[llvm] [SDAG] Fix type checks in `ShrinkDemandedOp` to avoid creating invalid truncates (PR #92730)
via llvm-commits
llvm-commits at lists.llvm.org
Mon May 20 03:06:38 PDT 2024
llvmbot wrote:
<!--LLVM PR SUMMARY COMMENT-->
@llvm/pr-subscribers-backend-x86
Author: Yingwei Zheng (dtcxzyw)
<details>
<summary>Changes</summary>
In `TargetLowering::ShrinkDemandedOp`, types of lhs and rhs may differ before legalization so we should check the both.
In the original case, `VT` is `i64` and `SmallVT` is `i32`, but the type of rhs is `i8`.
See the description about ISD::SHL for further information:
> After legalization, the type of the shift amount is known to be TLI.getShiftAmountTy().
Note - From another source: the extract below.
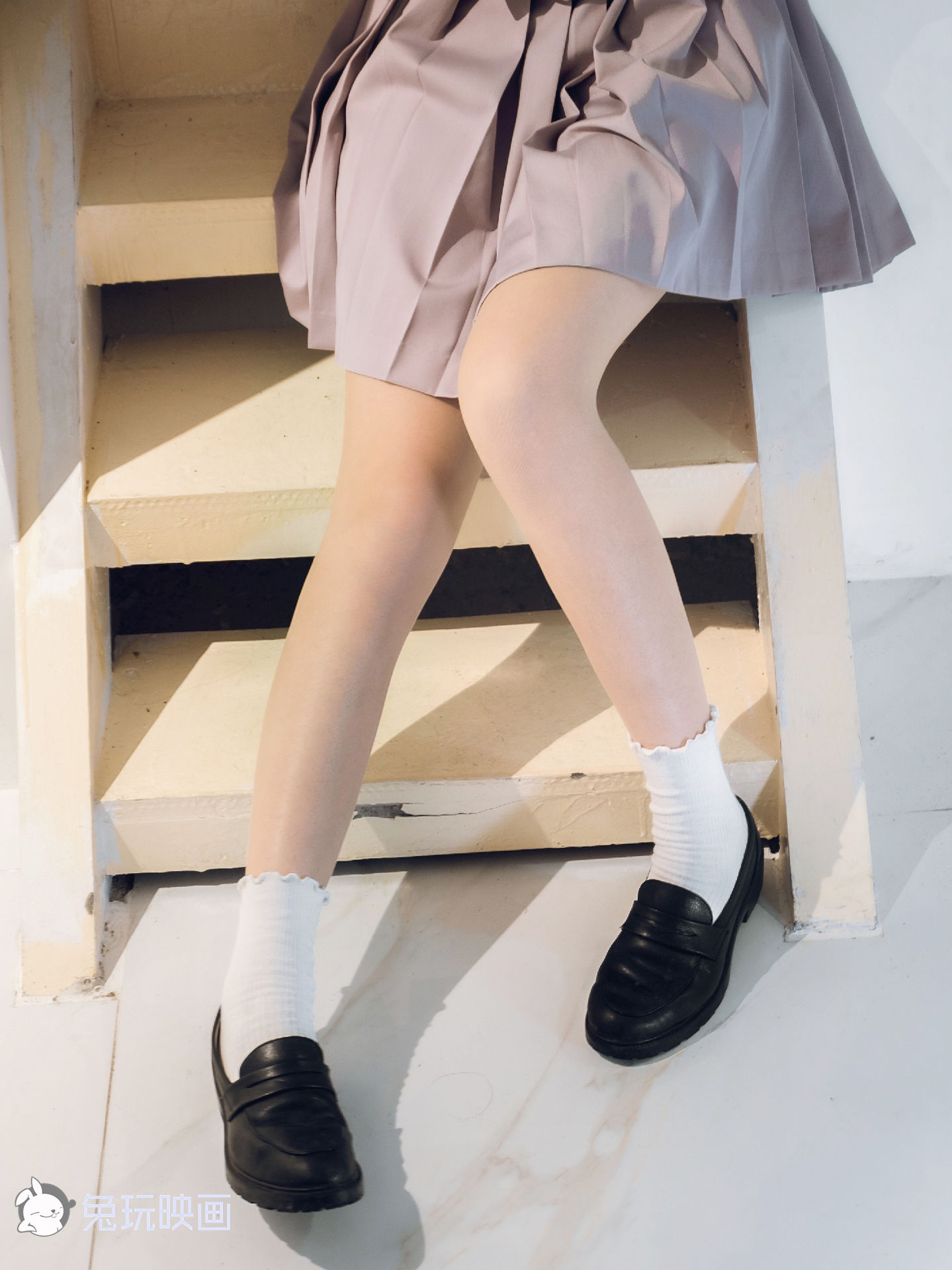[兔玩映画] - JK制服 Vol.014 紫色迷情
Before legalization the shift amount can be any type, but care must be taken to ensure it is large enough.
https://github.com/llvm/llvm-project/blob/605ae4e93be8976095c7eedf5c08bfdb9ff71257/llvm/include/llvm/CodeGen/ISDOpcodes.h#L691-L712
Fixes https://github.com/llvm/llvm-project/issues/92720.
---
Patch is 39.86 KiB, truncated to 20.00 KiB below, full version: https://github.com/llvm/llvm-project/pull/92730.diff
12 Files Affected:
- (modified) llvm/lib/CodeGen/SelectionDAG/TargetLowering.cpp (+5-1)
- (modified) llvm/test/CodeGen/X86/btc_bts_btr.ll (+3-3)
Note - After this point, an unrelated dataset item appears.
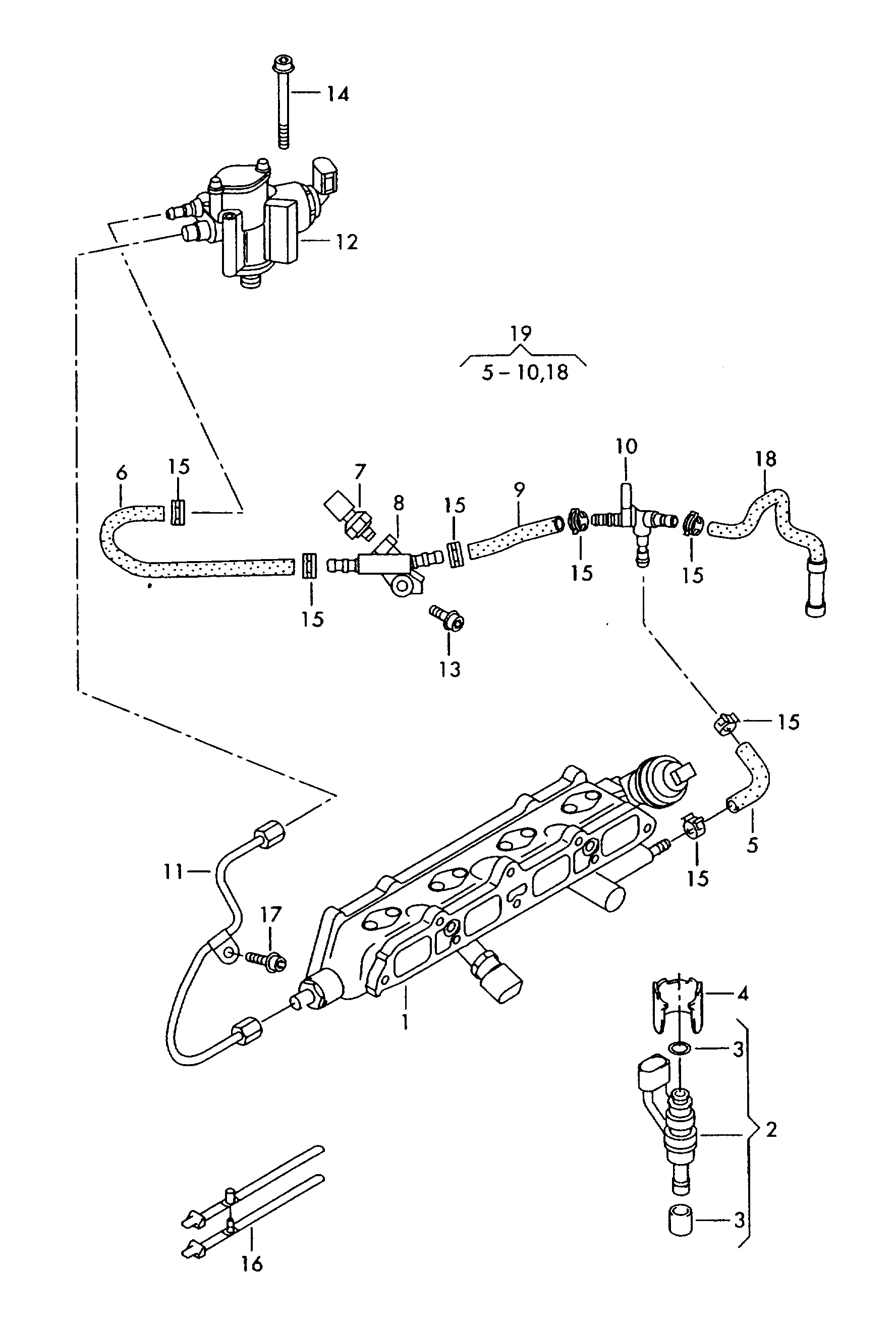 Porsche 06E 127 248 - Прокладка, топливный насос parts5.com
- (modified) llvm/test/CodeGen/X86/narrow-shl-cst.ll (+3-3)
- (modified) llvm/test/CodeGen/X86/pr27202.ll (+2-2)
- (modified) llvm/test/CodeGen/X86/pr49162.ll (+1-4)
- (added) llvm/test/CodeGen/X86/pr92720.ll (+15)
- (modified) llvm/test/CodeGen/X86/scheduler-backtracking.ll (+6-6)
- (modified) llvm/test/CodeGen/X86/vector-sext.ll (+36-48)
- (modified) llvm/test/CodeGen/X86/vector-zext.ll (+24-42)
- (modified) llvm/test/CodeGen/X86/widen-load-of-small-alloca-with-zero-upper-half.ll (+26-26)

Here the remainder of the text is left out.